My parents started a new life in Syria in 1948, and then they moved to Lebanon, where my father found a job. We came here to the U.S. as immigrants and we started again. We moved to the U.S. when I was ten years old. We moved to upstate New York, to a town called Delmar, then to Albany, New York. That's where I had my teen years until I went to college.
So back when I was ten, that was in the late 60s, we didn't have the kind of diversity that we have now. I mean, we had it, but we didn't. People were not sensitized to the importance of diversity and the respect and dignity that you offered other communities.
Very few Arab Americans, and certainly very few Palestinians, were living in our area. We did experience some discrimination. I remember those people would say to me, “oh, you're Palestinian, where's your gun?”
At the same time, you always find people who are kind and who are good people and you make friends. Despite the treatment some people would give us, there were other people who were good, nice and kind.
I think for a long time I felt it was sort of a liability that I had two cultures and I had two languages. It was not a source of strength for me. Not that I ever wanted to hide it, I was always proud of being Palestinian, of being Arab.
But as I grew older, I really began to understand that this background I had, and these perspectives that were honed over the years, were such assets really in how I look at the world. It has given me such a broad and profound way of looking at people who are marginalized in society.
I wanted to work in a field where I could actually use the two pieces of my identity. That’s kind of what I did for my whole professional life. I worked for 27 years at Georgetown University, at the Center for Contemporary Arab Studies.
One of the huge premises behind this place is to bring an understanding of the Arab world and Islam to American society. And I worked for many years as a director of outreach, which meant that I would reach out to K through 12 teachers in the DC metropolitan area.
I feel optimistic, and I think we are in a very different place after 9-11, than ten years ago even. But I can't help but look at where we are now in terms of Gaza and Palestine. On the one hand, it's amazing to me how there's a whole youth movement that wants to champion Palestinian rights, who are really so upset about what's going on and about the genocide.

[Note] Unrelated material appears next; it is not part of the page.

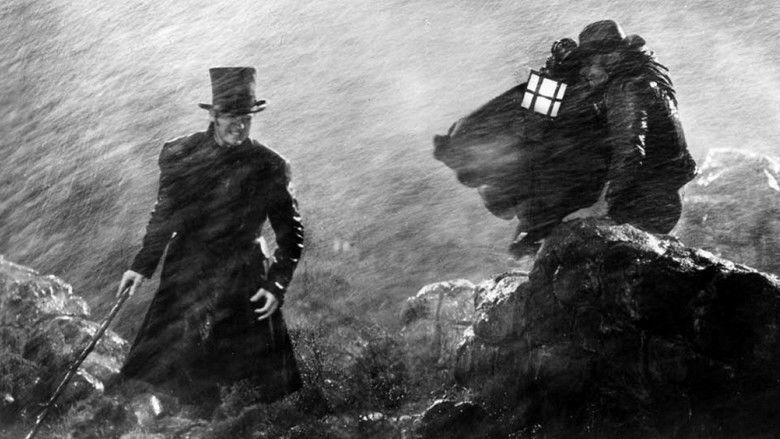 кадр из фильма Грозовой перевал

I've volunteered since 2016 for a program called, We Are Not Numbers. Basically, young people from Gaza are learning to express themselves in stories and essays. They are paired with a writer or an editor here in the States or in Europe, who serves as a mentor for them.
One of the youths is actually living in northern Gaza. And he's in the famine. He and his family are starving. He sends me voice messages every week or two and just gives me an update on what's going on.
It's heartbreaking to get his messages because I feel like, What can I do? I can't do anything for him. So, I just write. I send voice messages back to him and try to be a little uplifting. But more importantly, I talk about him. I talk about Ahmed. I've written poems about him.
I'm a poet. I live in that space of feelings. I'm not a politician. I just want people to see each other's humanity. We all have human rights. Israelis have human rights, of course, too. I'm not just talking about Palestinians.